Imagine a table of all orders where only 10% are flagged for review. You could create a GSI with partition key needs_review and only set that attribute on flagged orders. The GSI contains just those 10% of items, making queries fast and cheap. You’ve essentially created a filtered index without maintaining a separate table.

Design Considerations

The key to effective index design is understanding your access patterns before you start. DynamoDB isn’t a relational database where you can add indexes freely after the fact. Every index has real costs in storage, throughput, and write amplification.
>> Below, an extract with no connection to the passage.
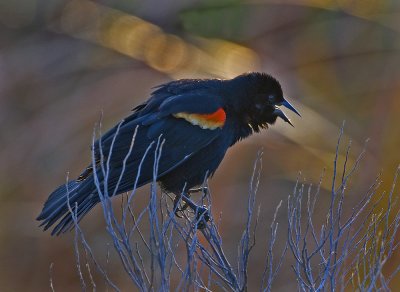Red- Winged Blackbird (Agelaius phoeniceus)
Write amplification is worth considering. Every write to the base table that affects indexed attributes requires writes to each GSI that includes those attributes. If you have three GSIs and update an item, you’re potentially doing four writes: one to the base table and one to each GSI. This multiplies your write costs and can impact write performance.

Think about whether you really need an index or if your application can work around its absence. Can you denormalize data? Can you use query parameters or filters differently? Sometimes it’s better to structure your data model differently than to add another index.

Working with Indexes

Queries against indexes work just like queries against the base table. You specify the index name and provide key conditions. The query returns items from the index with the projected attributes.
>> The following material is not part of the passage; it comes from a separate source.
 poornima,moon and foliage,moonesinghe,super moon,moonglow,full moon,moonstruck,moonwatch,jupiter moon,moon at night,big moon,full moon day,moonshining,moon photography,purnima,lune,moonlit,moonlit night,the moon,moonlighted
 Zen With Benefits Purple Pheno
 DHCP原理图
If you need attributes that aren’t projected, DynamoDB automatically fetches them from the base table. This is transparent but adds latency and consumes base table read capacity. Design your projections to avoid this when possible.

Scans work on indexes too, though they have the same performance implications as scanning the base table. Avoid scans in production code paths regardless of whether you’re scanning a table or an index.

The Bigger Picture

Indexes are a tool for making DynamoDB work with multiple access patterns. They’re not free, but they’re often essential. The trick is using them judiciously.

Start with your most important access pattern and design the base table around it. Add LSIs at creation time if you’re confident about related access patterns within the same partition key. Then add GSIs as you discover additional needs or as your application evolves.

Monitor index usage. An unused index is wasted money. DynamoDB doesn’t tell you which indexes are being queried, so you need application-level tracking or CloudWatch metrics analysis to identify unused indexes.

Understanding indexes deeply means understanding the trade-offs between flexibility, cost, and consistency. Choose the right tool for each access pattern, and don’t be afraid to redesign as your needs evolve. That’s the beauty of GSIs: they let you adapt without starting over.